01 — Problem Definition

The Retrieval Problem

You have a corpus of N documents (N = 10K to 100M). A user submits a query. You need to return the top-k most relevant documents in milliseconds.

The naive approach: scan all N documents, score each one, sort, return top-k. This is O(N×d) — too slow for any corpus larger than a few thousand documents.

Two fundamental approaches exist: Sparse retrieval (keyword/BM25) and dense retrieval (vector/semantic). Each has strengths and blindspots. Modern production systems use both.

The ANN problem: Exact nearest neighbor search in high-dimensional spaces is prohibitively expensive. Approximate Nearest Neighbor (ANN) indices trade a small recall loss for 100–1000× speedup.
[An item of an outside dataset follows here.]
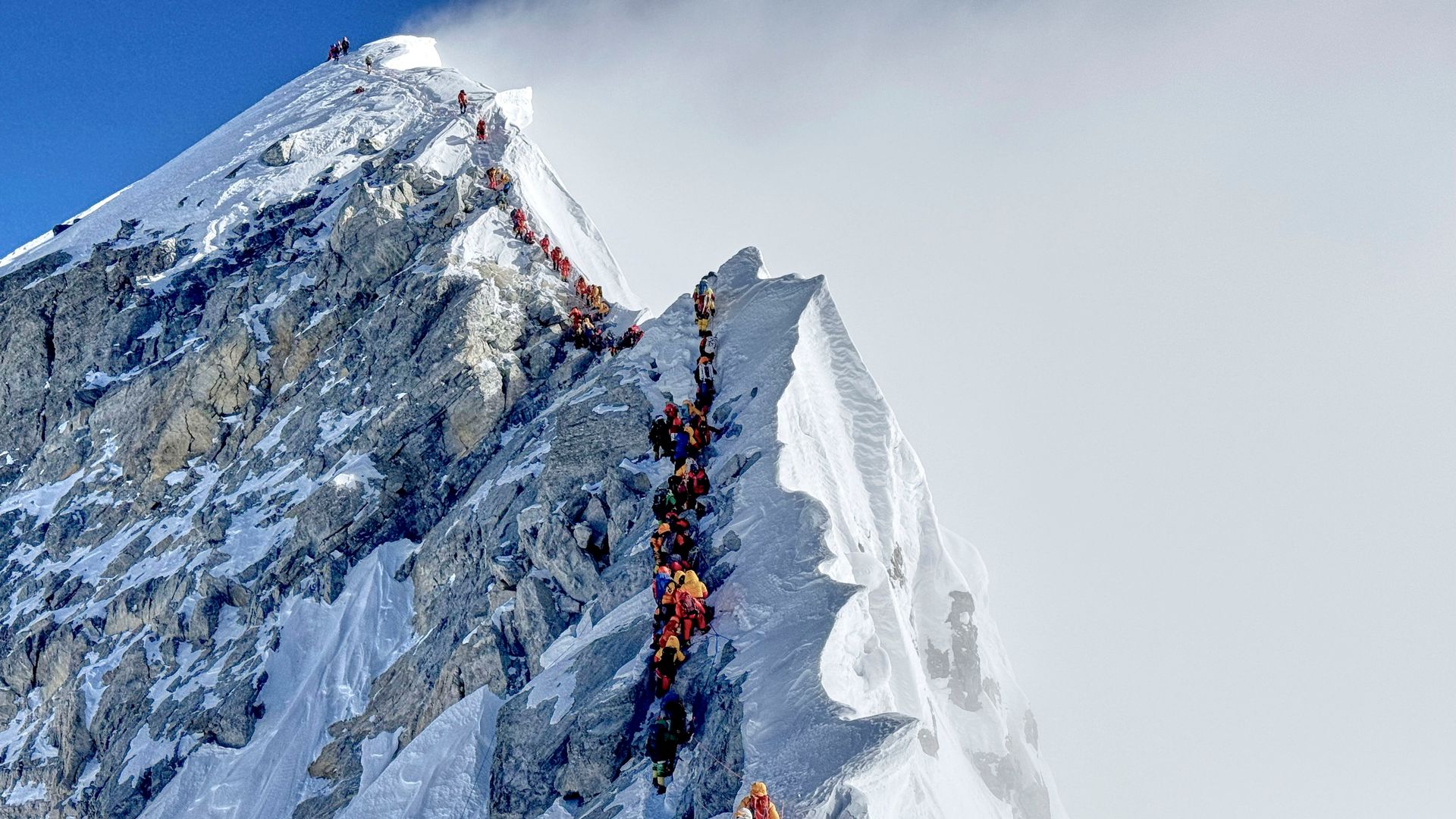 Mount Everest suffers traffic jams as climbers battle harsh weather – with beginners not helping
Most production systems accept 95–99% recall in exchange for real-time latency.

💡 Key insight: Retrieval is a two-axis problem: recall (did we find the right documents?) and latency (how fast?). ANN indices sacrifice a tiny bit of recall for dramatic latency gains.

02 — Keyword Search

Sparse Retrieval: BM25

BM25 (Best Match 25) is a probabilistic term-frequency model that scores documents by how well query terms match. It's been the standard for keyword search since the late 1990s.
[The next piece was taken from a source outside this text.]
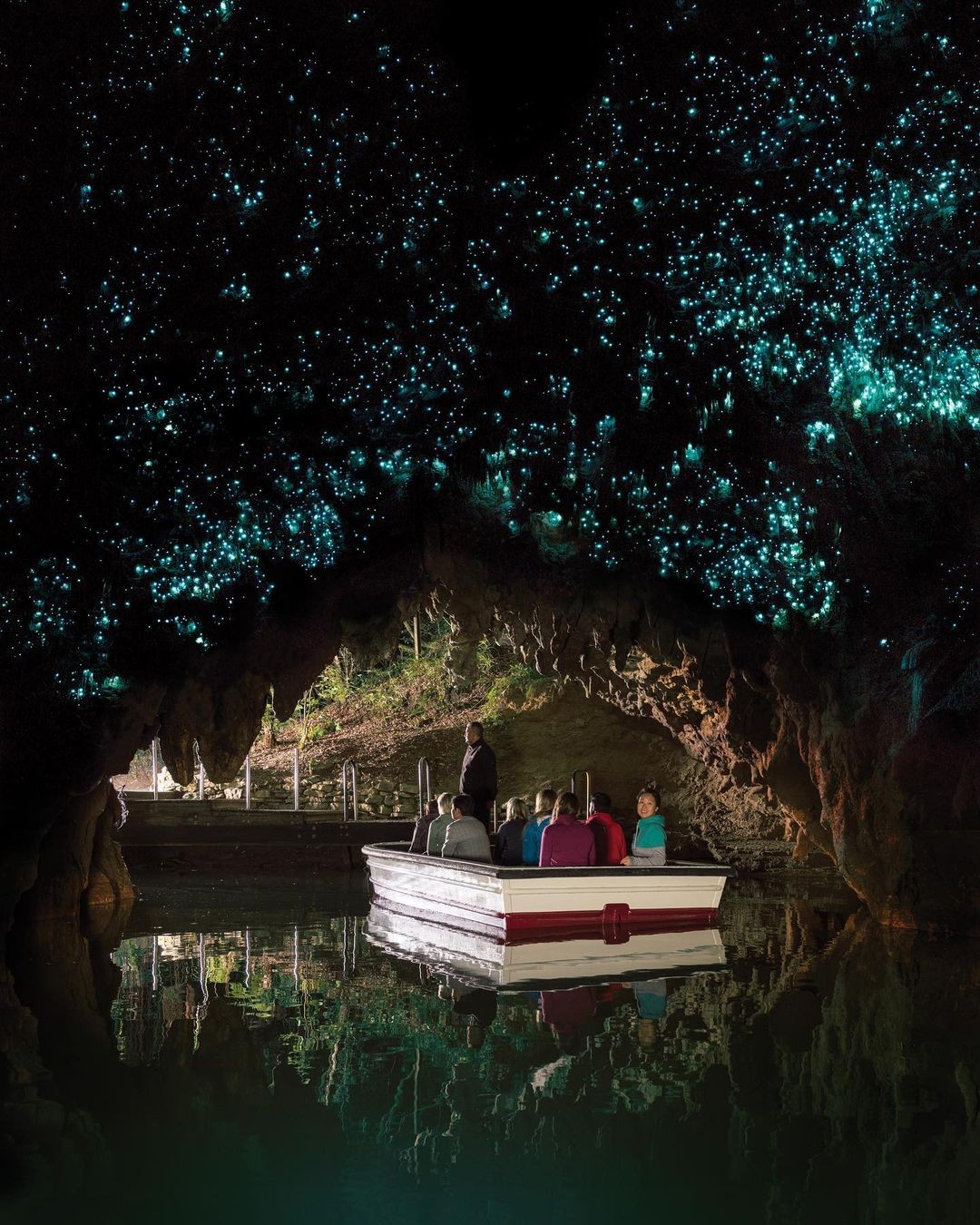 A group of people ride a boat through the Waitomo caves with glow worms on the roof.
How it works: Each query term is scored based on (1) how often it appears in the document (TF), (2) how rare the term is across the corpus (IDF), (3) saturation so common terms don't dominate, and (4) document-length normalization so longer documents don't win automatically.

Strengths: Exact keyword match, handles rare/technical terms, no embedding required, fast on CPU, results are interpretable (you can explain why document A ranked above B).
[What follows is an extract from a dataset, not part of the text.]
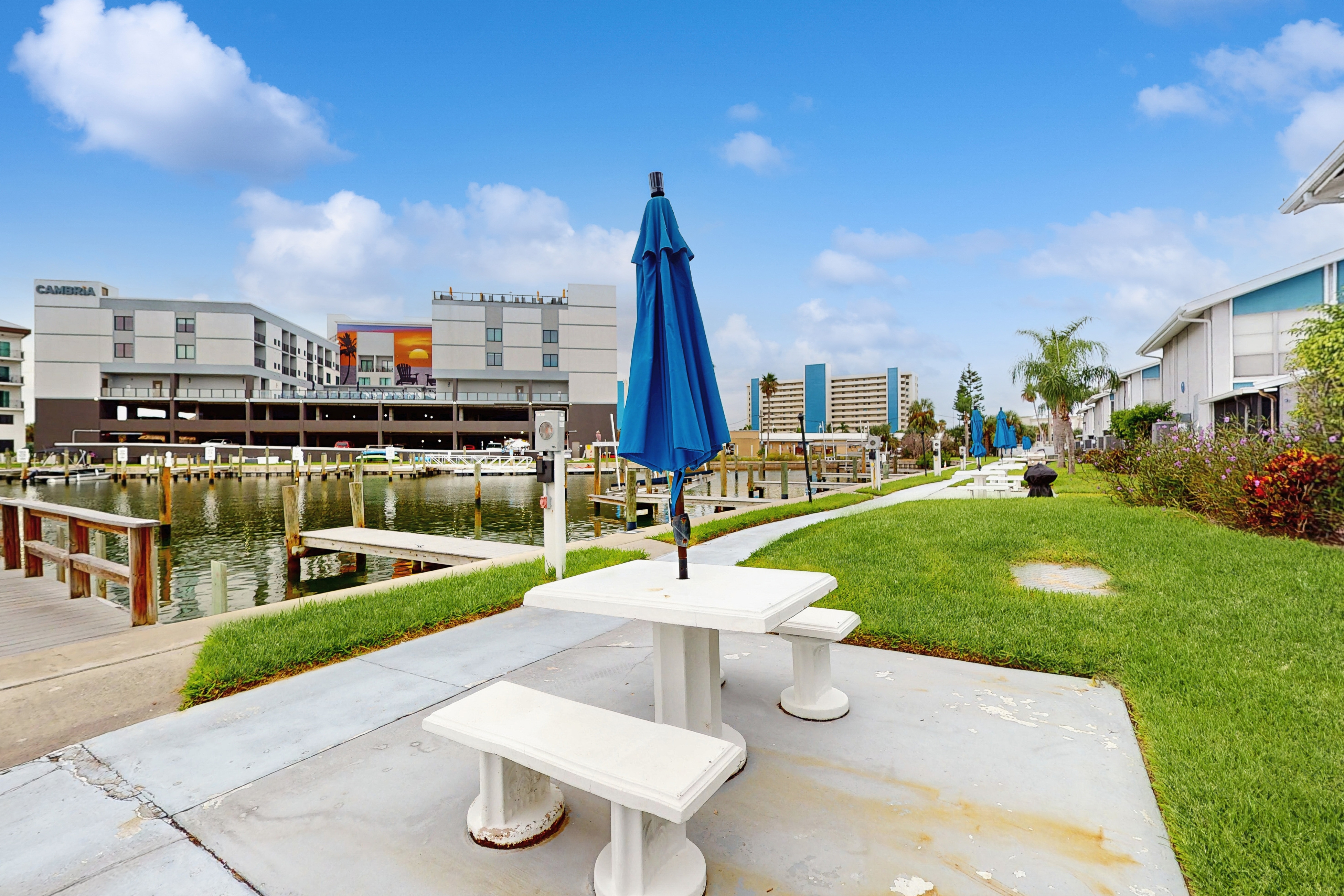 Water view condo with balcony grill heated pool hot tub and sauna walk to beach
Weaknesses: Vocabulary mismatch (synonym problem — "fast" and "quick" are different tokens), no semantic understanding, requires tokenization, fails on out-of-vocabulary terms.

Example: BM25 with rank_bm25

# pip install rank-bm25 from rank_bm25 import BM25Okapi corpus = [ "The quick brown fox jumps over the lazy dog", "A fast auburn fox leaps above the idle hound", "Python is a popular programming language", ] tokenized = [doc.split() for doc in corpus] bm25 = BM25Okapi(tokenized) query = "quick fox jumps" scores = bm25.get_scores(query.split()) # scores: [2.87, 1.23, 0.0] # Doc 0 wins (exact terms); Doc 1 misses "quick"/"jumps"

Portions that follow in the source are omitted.